Gálvez recordó, asimismo, que una semana atrás, el capitán José Domínguez, de la Fuerza Aérea, exiliado en París, ofreció una rueda de prensa internacional recalcando que el único objetivo de la UMD era la transformación de España en un régimen democrático, y mostraba su apoyo al príncipe Juan Carlos siempre y cuando fuese la decisión del pueblo español refrendada en unas votaciones democráticas.
La repercusión mediática de aquella rueda de prensa intensificó, aquí, en España, la represión hacia los militares rebeldes, pero también provocó un incremento exponencial de su dimensión política, hasta el extremo de que prestigiosos juristas de la oposición ofrecieron rápidamente sus servicios profesionales a los militares detenidos.
Tal fue el caso de Enrique Tierno Galván, Joaquín Ruiz-Giménez, Enrique Múgica, José Bono o José María Gil Robles.
Gálvez no comulgaba con ningún movimiento opositor al Régimen, e incluso albergaba serias dudas sobre la legalización futura del resto de partidos políticos, pero consideraba que las ansias de libertad de la sociedad española requerían, indefectiblemente, una transformación democrática. Por lo que lamentaba profundamente que en los estertores de Franco, con todo un futuro incierto por delante, se recrudeciese la persecución política.

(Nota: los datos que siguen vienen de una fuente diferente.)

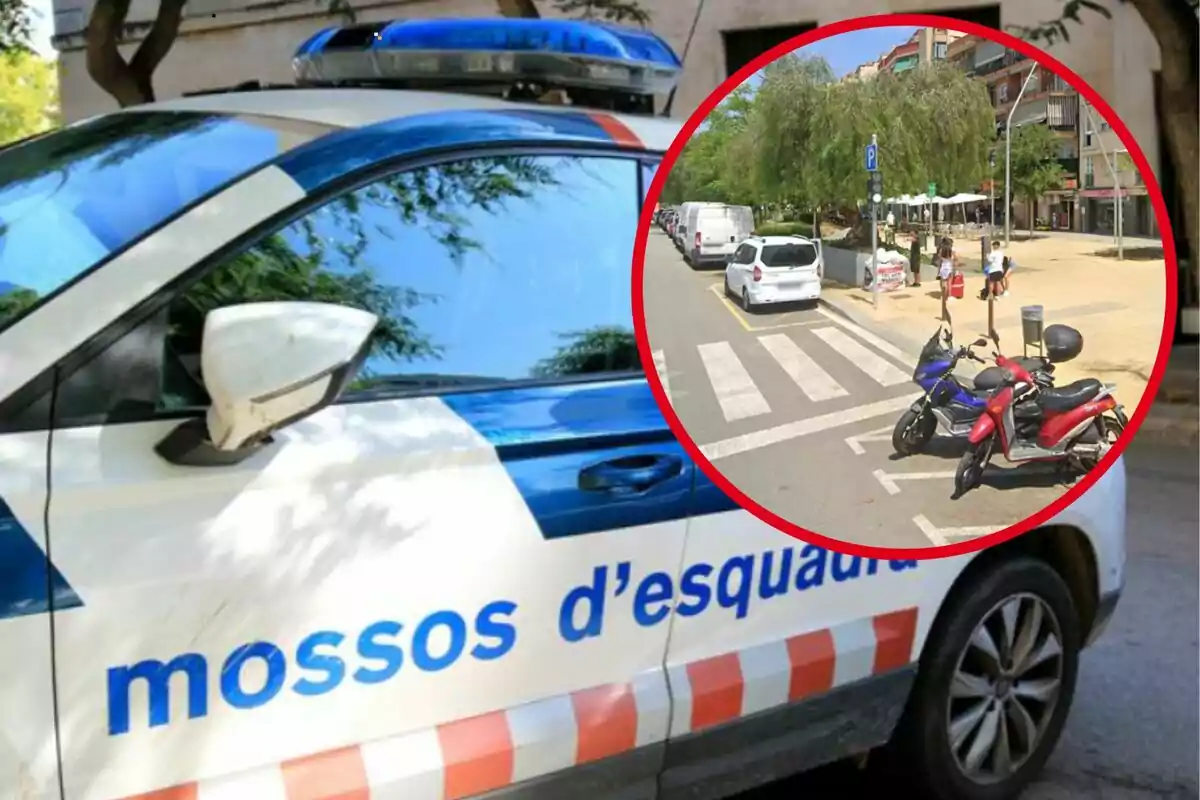 Un cotxe dels Mossos d'Esquadra està estacionat a un carrer, i en un requadre es mostra una intersecció amb una zona d'estacionament per a motocicletes i diversos vehicles aparcats.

Tenía claro que aquellos militares detenidos por la Político-Social no eran delincuentes, ni un peligro para España, solo valientes patriotas que arriesgaban su privilegiado estatus social con tal de perseguir un sueño: los militares facilitando y liderando el cambio político y social que anhelaba la sociedad española.
20
La monja mostraba cierto nerviosismo sentada en aquel restaurante y acompañada de un hombre que le era prácticamente desconocido.